Hi Jeoren,
Thanks for your comments or tor-dev IRC channel. I thought I may as well take my time and reply to them here so I can also include Zack, Vinod and others into the discussion.
I think the large chunks of commits without specific goals/descriptions what the commit fixes will be timecostly to integrate,
I started working on Stegotorus as a GSoC student last summer and I have been more or less continuously working on it since then. I always kept the tor-dev list informed on my progress. So a quick search on [Stegotorus] should gives anybody a good idea on stuff I was working on. But I can summarize all my works in four categories:
- Debug. - Writing more unit and behavior tests, including tester-proxy, webpage-tester and bad-dropper-proxy. - Integrating Stegotorus with a web server (e.g Apache Httpd) so the covers can be served by the web server. - Debugging the ack/transmit protocol and the packet transmission - reliability in general.

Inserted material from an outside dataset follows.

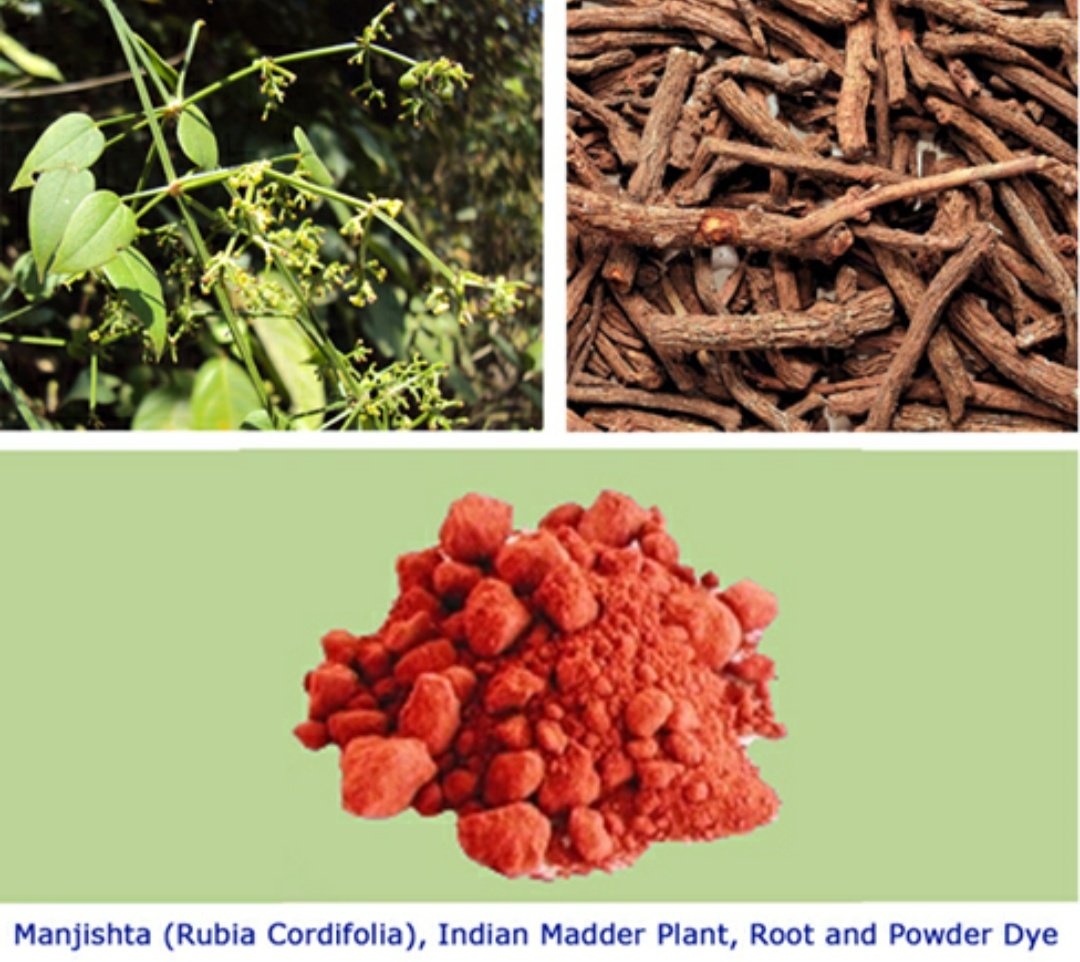 Indian Madder was extracted from the root of plant called Manjishta, Manjit, Majith, Manditta, Manjitti, Sevvelli, Tamaralli etc. as well as from the chaya ver or the root, veru that gave colour chayam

In general, along the way, I tried to reconstruct the code into being more C++ and more object oriented (I'm continuously doing so). Obviously Stegotorus was designed to be as modular as possible. That is the main motivation behind "pluggable transport": the DPI got more intelligent? Plug the compromised module out, plug something else in with minimum effort.

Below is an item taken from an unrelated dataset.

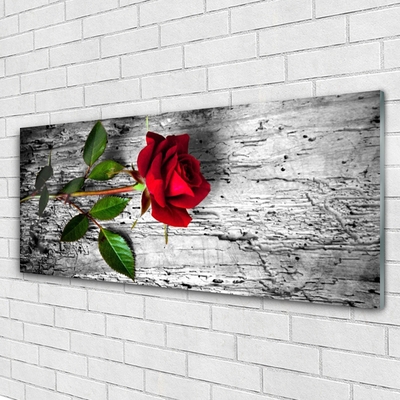 Glasbild aus Plexiglas® Rose Pflanzen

All of Stegotorus different modules are begging for OOP and inheritance. However, forcing the code into C had just made the steg folder unmanageable and un-expandable. The different steg modules (pdf, swf and js) have something like 70%-90% code in common but instead of being inherited from a common parent the code has been copied multiple times. It seems like an artificially generated example by OOP evangelists to convert people into OOP by showing how terrifying functional programming can be.

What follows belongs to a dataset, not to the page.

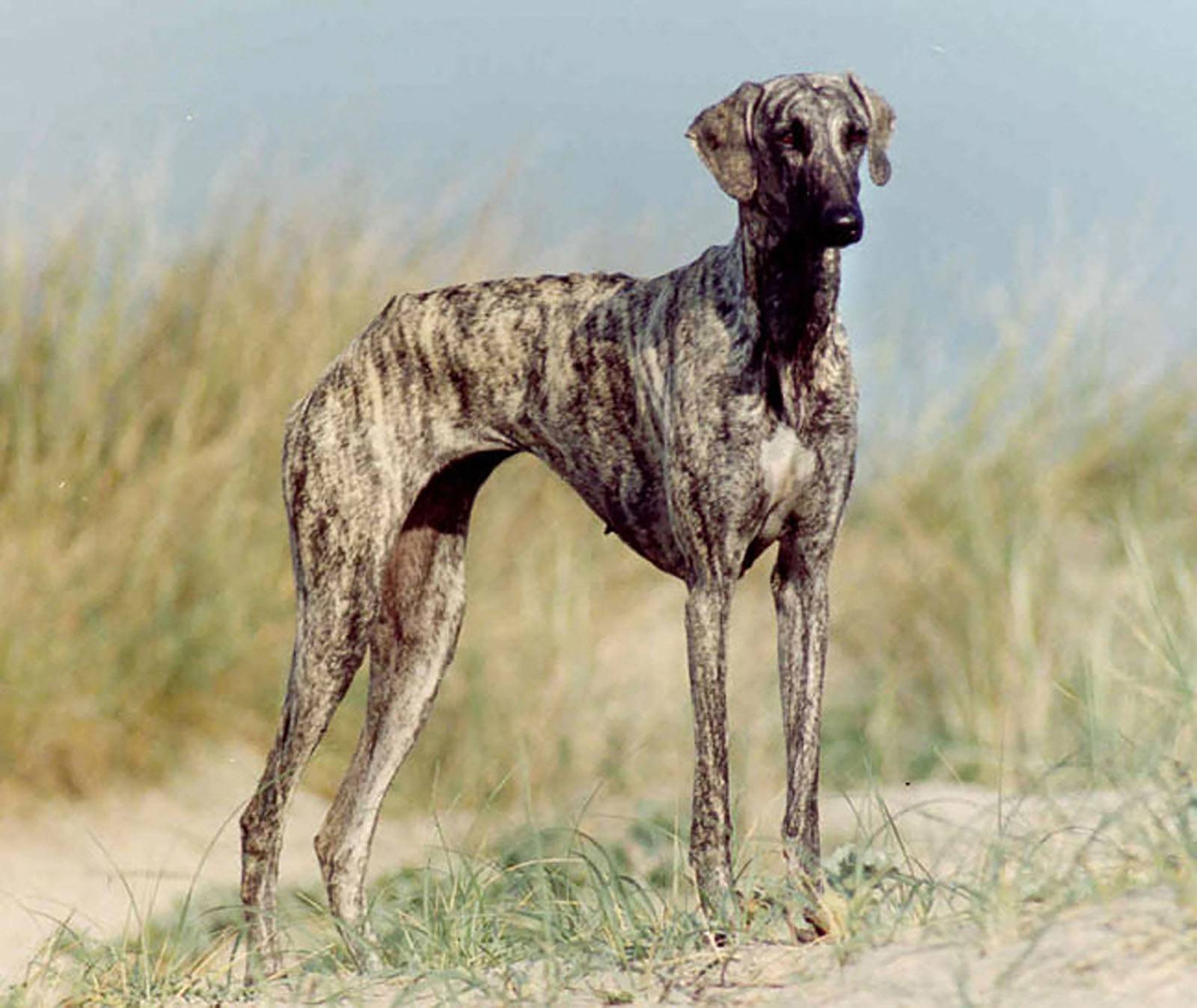 Охотничьи собаки: виды и породы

especially as the hidden upstream has diverged quite a bit in some places (which one can nicely attribute to the wrong of that 'model', but unfortunately not an easy way around that);
Until recently that Roger sent an email to Vinod, I did not know that the upstream in SRI is making any progress (I'm not sure if even Roger (or anybody else on the Tor side for that matter) was fully aware of the amount of progress on the other side) . Last winter, Zack told me that I'll be the maintainer of the code (at least from Zack's prospective) in the sense I'd decide what patch to keep and what to discard.
nevertheless, I think the best plan to get those in there would be to see when that code is out, and have a list of important ... fixes/commits available and then at one point go over everything and try to get them merged into that code base, will be big job though to get that done, and would 'require' that upstream takes them, which mostly depends on available time I would say....
As Roger and other have mentioned multiple time, it is hard to fully reconcile the SRI model of development with the open source model. In that sense, we'll probably always have an open source version of Stegotorus and a SRI version of it (At least till SRI development is active).
Nevertheless, my goal is to reconstruct the best piece of software possible out of all available code and I'll do my best to integrate all improvement into the open source version.
I think for that matter, trying to really have upstream have a github version and accept patches would be a good way to avoid such scenarios; hence also why we'll be pushing the acs code there into the safdef repo, just the easiest way to make that happen if one wants it; but first to finish that code and stop restructuring it and adding new features etc.... then it will be pushed there, otherwise not much use for people looking at it anyway.
I do agree that the best thing is to wait for updated code to be published before going ahead to avoid re-invention of the wheel and waste of time. But I have a contract to add some features to Stegotorus with deadlines and I think Roger has asked Vinod for the code release on March 25 and it is not clear how longer it is going to take. Nonetheless, I'm going to ask Vinod if he can have a quick look at those features and decide which one are more likely to be affected by the recent development. For example when you told me about the ACK, I moved to the other parts.
Thanks for your advice and updating me about the other side. Please keep me updated of any detail that you think will help with Stegotorus development.